__PROMPT__. Where an entry contains a picture, omit the picture and repeat the rest exactly.

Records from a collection

====

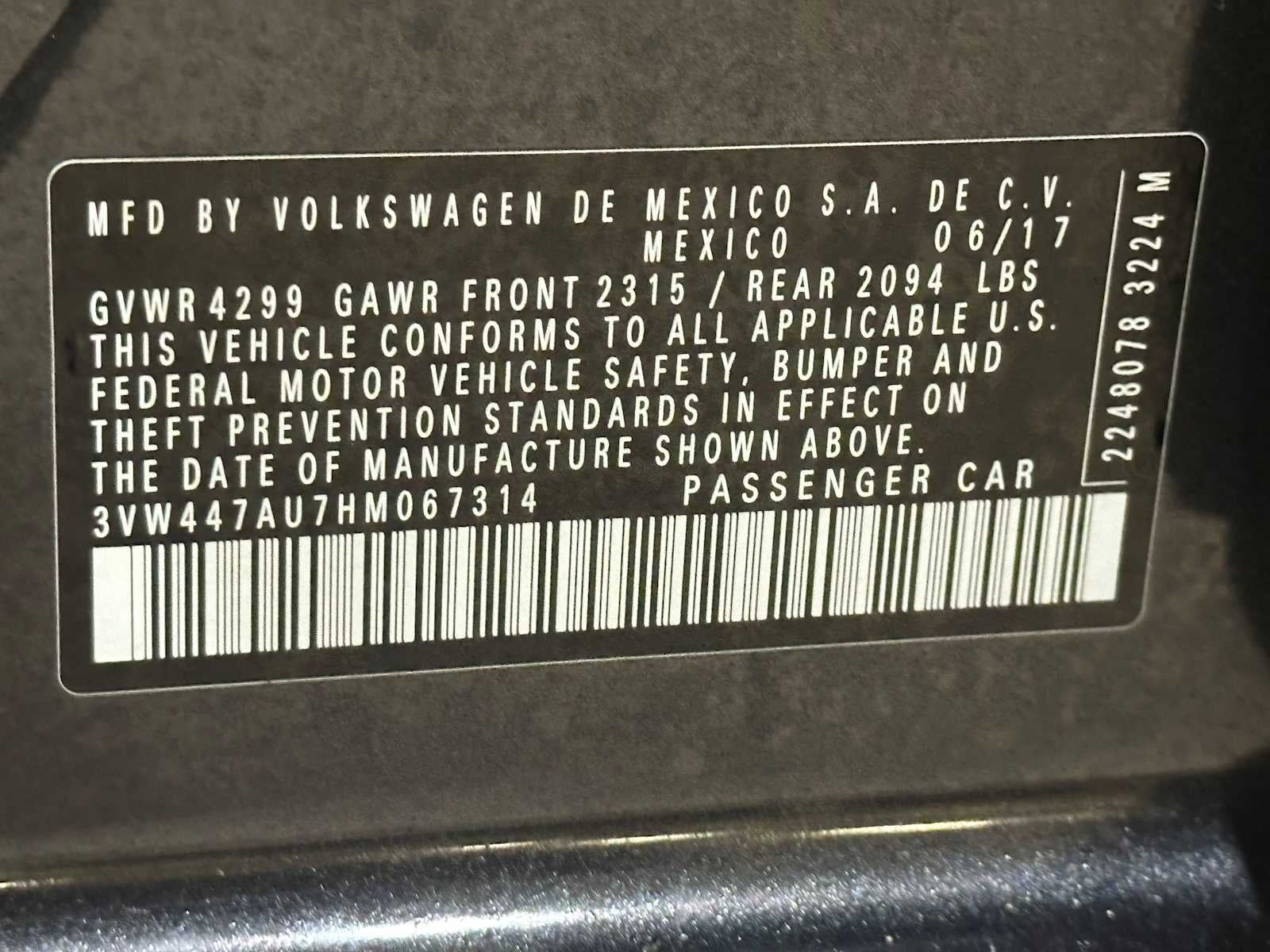 2017 Volkswagen Golf GTI Autobahn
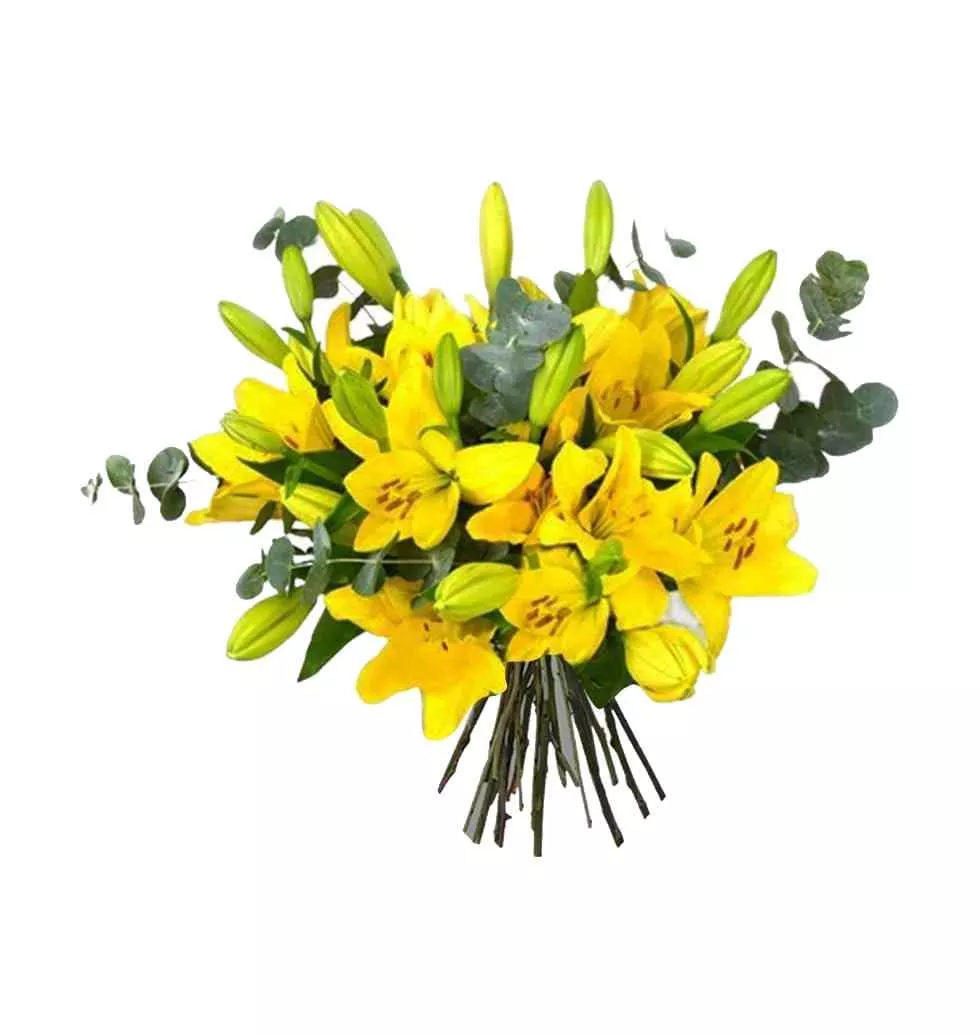 Sunshine Symphony Yellow Lily Ensemble
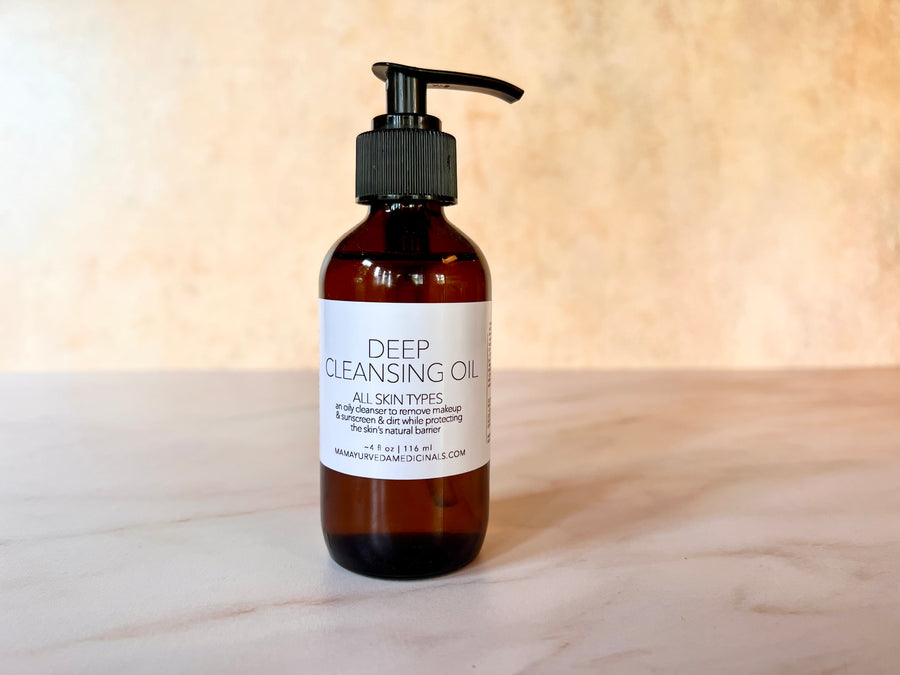 Deep Cleansing Oil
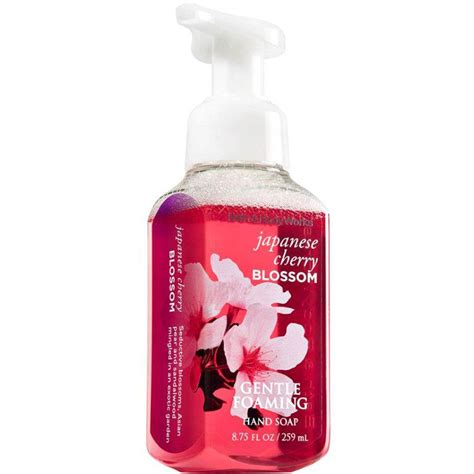 Bath And Body Works Japanese Cherry Blossom Gentle Foaming Hand Soap Signature Collection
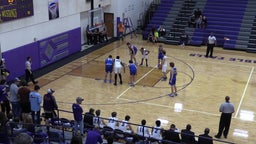 Alamo Heights basketball highlights Marble Falls High School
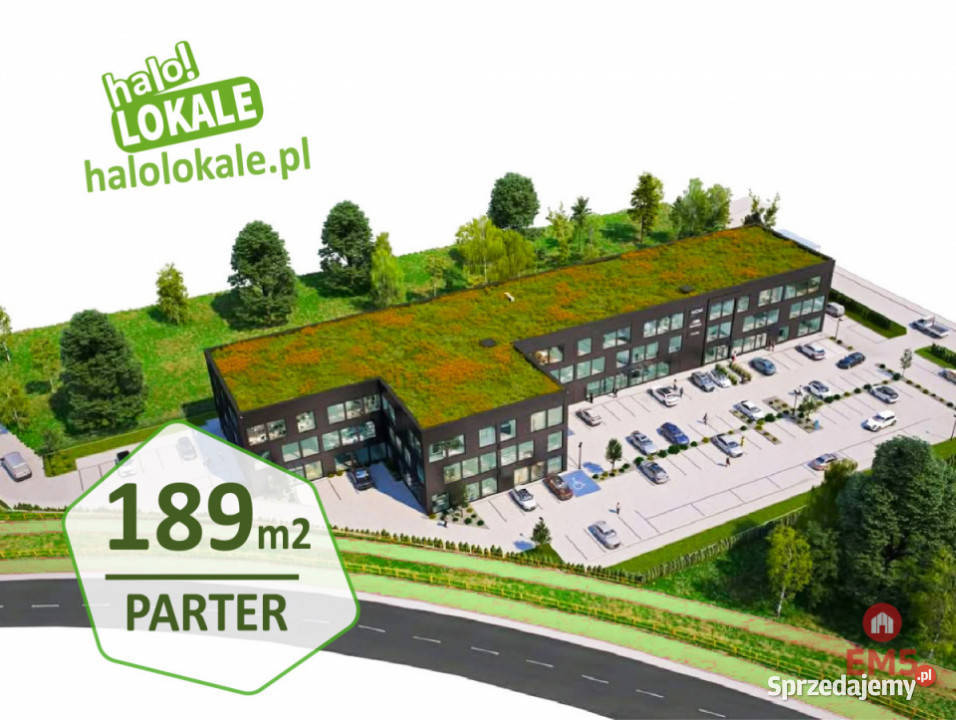 sprzedaży lokalu 189m2 Białystok handlowo-usługowy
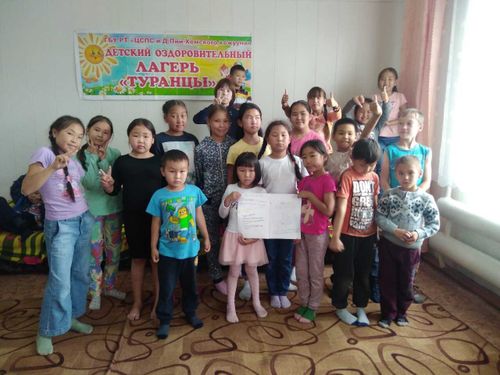 В детских оздоровительных лагерях Тувы провели мероприятия, посвященные празднику животноводов 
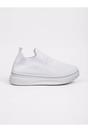 Black iKrush Black Grace Knit Slip On Trainers, Image 7 of 8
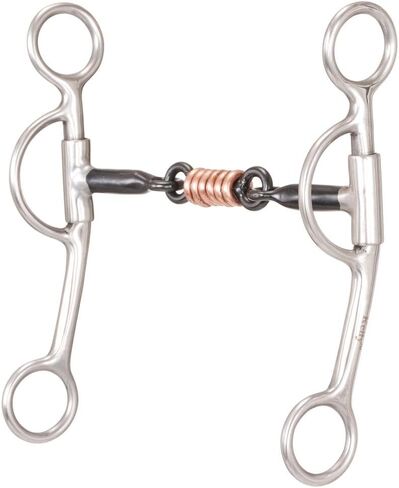 Kelly Silver Star1 Sweet Iron 3-PC Snaffle bit مع النحاس in Kuwait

====

__SOLUTION TO THIS EXERCISE__.
 2017 Volkswagen Golf GTI Autobahn
 Sunshine Symphony Yellow Lily Ensemble
 Deep Cleansing Oil
 Bath And Body Works Japanese Cherry Blossom Gentle Foaming Hand Soap Signature Collection
 Alamo Heights basketball highlights Marble Falls High School
 sprzedaży lokalu 189m2 Białystok handlowo-usługowy
 В детских оздоровительных лагерях Тувы провели мероприятия, посвященные празднику животноводов 
 Black iKrush Black Grace Knit Slip On Trainers, Image 7 of 8
 Kelly Silver Star1 Sweet Iron 3-PC Snaffle bit مع النحاس in Kuwait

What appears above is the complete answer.